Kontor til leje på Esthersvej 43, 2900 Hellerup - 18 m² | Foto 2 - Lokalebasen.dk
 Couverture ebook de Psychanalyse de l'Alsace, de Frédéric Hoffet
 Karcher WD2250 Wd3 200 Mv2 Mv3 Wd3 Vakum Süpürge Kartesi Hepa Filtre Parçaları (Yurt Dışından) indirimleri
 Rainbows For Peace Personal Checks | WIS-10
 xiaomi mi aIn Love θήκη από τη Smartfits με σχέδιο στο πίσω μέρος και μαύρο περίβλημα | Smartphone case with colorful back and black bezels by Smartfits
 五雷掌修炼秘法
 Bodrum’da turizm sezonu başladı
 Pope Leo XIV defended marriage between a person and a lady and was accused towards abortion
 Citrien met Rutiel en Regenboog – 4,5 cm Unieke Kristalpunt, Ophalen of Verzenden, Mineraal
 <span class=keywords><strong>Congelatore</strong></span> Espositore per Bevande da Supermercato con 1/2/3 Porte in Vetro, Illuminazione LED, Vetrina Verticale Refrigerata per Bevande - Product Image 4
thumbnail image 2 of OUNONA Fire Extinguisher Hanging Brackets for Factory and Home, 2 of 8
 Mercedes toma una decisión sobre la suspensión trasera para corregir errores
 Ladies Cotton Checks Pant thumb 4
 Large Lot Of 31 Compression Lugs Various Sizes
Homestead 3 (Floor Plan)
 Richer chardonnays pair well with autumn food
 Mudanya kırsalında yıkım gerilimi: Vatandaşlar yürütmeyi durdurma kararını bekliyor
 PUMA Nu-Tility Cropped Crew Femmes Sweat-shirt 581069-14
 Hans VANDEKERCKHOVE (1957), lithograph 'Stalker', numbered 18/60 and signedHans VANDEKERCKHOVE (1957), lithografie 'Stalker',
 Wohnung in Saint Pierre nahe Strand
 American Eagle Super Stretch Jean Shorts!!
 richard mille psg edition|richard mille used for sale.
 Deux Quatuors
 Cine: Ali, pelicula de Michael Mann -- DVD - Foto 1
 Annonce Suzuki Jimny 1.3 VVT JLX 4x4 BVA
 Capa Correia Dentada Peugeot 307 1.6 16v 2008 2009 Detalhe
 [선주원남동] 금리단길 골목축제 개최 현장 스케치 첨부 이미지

- _To do_:
Word for word, print the listing above once more.

- _Answer box_:
Kontor til leje på Esthersvej 43, 2900 Hellerup - 18 m² | Foto 2 - Lokalebasen.dk
 Couverture ebook de Psychanalyse de l'Alsace, de Frédéric Hoffet
 Karcher WD2250 Wd3 200 Mv2 Mv3 Wd3 Vakum Süpürge Kartesi Hepa Filtre Parçaları (Yurt Dışından) indirimleri
 Rainbows For Peace Personal Checks | WIS-10
 xiaomi mi aIn Love θήκη από τη Smartfits με σχέδιο στο πίσω μέρος και μαύρο περίβλημα | Smartphone case with colorful back and black bezels by Smartfits
 五雷掌修炼秘法
 Bodrum’da turizm sezonu başladı
 Pope Leo XIV defended marriage between a person and a lady and was accused towards abortion
 Citrien met Rutiel en Regenboog – 4,5 cm Unieke Kristalpunt, Ophalen of Verzenden, Mineraal
 <span class=keywords><strong>Congelatore</strong></span> Espositore per Bevande da Supermercato con 1/2/3 Porte in Vetro, Illuminazione LED, Vetrina Verticale Refrigerata per Bevande - Product Image 4
thumbnail image 2 of OUNONA Fire Extinguisher Hanging Brackets for Factory and Home, 2 of 8
 Mercedes toma una decisión sobre la suspensión trasera para corregir errores
 Ladies Cotton Checks Pant thumb 4
 Large Lot Of 31 Compression Lugs Various Sizes
Homestead 3 (Floor Plan)
 Richer chardonnays pair well with autumn food
 Mudanya kırsalında yıkım gerilimi: Vatandaşlar yürütmeyi durdurma kararını bekliyor
 PUMA Nu-Tility Cropped Crew Femmes Sweat-shirt 581069-14
 Hans VANDEKERCKHOVE (1957), lithograph 'Stalker', numbered 18/60 and signedHans VANDEKERCKHOVE (1957), lithografie 'Stalker',
 Wohnung in Saint Pierre nahe Strand
 American Eagle Super Stretch Jean Shorts!!
 richard mille psg edition|richard mille used for sale.
 Deux Quatuors
 Cine: Ali, pelicula de Michael Mann -- DVD - Foto 1
 Annonce Suzuki Jimny 1.3 VVT JLX 4x4 BVA
 Capa Correia Dentada Peugeot 307 1.6 16v 2008 2009 Detalhe
 [선주원남동] 금리단길 골목축제 개최 현장 스케치 첨부 이미지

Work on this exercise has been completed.